• Exercise instructions
Would you please retype, exactly, the lines of the listing below between the line with "Today we begin" and the line with "But we can't", inclusive?
··· Data to examine
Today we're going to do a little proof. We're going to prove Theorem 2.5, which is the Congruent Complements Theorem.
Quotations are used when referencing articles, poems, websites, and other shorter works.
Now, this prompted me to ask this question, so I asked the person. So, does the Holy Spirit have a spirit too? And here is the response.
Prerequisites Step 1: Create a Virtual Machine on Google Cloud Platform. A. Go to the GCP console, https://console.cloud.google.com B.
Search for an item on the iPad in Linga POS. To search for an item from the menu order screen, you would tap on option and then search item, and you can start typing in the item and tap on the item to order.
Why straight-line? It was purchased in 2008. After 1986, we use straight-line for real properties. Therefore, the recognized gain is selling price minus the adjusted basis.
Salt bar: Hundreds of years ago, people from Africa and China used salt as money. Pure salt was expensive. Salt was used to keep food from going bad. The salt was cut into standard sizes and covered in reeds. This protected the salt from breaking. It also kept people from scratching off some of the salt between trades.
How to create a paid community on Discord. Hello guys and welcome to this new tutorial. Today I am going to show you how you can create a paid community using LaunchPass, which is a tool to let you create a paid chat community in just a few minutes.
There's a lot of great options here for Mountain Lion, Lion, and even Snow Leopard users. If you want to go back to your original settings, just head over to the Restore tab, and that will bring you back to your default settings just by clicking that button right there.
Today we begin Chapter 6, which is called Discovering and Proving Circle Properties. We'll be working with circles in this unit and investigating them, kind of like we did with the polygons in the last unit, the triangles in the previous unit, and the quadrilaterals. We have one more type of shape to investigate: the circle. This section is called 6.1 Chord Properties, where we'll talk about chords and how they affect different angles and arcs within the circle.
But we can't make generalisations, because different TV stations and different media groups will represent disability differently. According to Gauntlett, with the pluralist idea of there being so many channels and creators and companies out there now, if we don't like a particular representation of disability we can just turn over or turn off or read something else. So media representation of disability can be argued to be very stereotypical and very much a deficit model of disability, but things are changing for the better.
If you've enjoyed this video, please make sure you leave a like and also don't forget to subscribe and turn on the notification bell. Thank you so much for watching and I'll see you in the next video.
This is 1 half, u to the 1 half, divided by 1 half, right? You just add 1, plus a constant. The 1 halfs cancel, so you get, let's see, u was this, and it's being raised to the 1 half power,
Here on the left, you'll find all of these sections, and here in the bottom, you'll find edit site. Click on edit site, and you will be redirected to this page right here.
······
··· Data to examine
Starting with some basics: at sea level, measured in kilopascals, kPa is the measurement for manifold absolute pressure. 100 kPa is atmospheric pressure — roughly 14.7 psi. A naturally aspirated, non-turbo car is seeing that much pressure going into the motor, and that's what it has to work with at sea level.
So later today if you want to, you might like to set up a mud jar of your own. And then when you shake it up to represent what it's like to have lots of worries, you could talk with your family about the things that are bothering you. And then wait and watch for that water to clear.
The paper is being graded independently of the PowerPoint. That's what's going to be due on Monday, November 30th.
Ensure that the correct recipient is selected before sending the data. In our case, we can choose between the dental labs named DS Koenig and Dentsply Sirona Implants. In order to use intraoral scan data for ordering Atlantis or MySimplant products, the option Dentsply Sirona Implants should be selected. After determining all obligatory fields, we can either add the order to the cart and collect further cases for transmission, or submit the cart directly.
······
• Exercise output
Today we begin Chapter 6, which is called Discovering and Proving Circle Properties. We'll be working with circles in this unit and investigating them, kind of like we did with the polygons in the last unit, the triangles in the previous unit, and the quadrilaterals. We have one more type of shape to investigate: the circle. This section is called 6.1 Chord Properties, where we'll talk about chords and how they affect different angles and arcs within the circle.
But we can't make generalisations, because different TV stations and different media groups will represent disability differently. According to Gauntlett, with the pluralist idea of there being so many channels and creators and companies out there now, if we don't like a particular representation of disability we can just turn over or turn off or read something else. So media representation of disability can be argued to be very stereotypical and very much a deficit model of disability, but things are changing for the better.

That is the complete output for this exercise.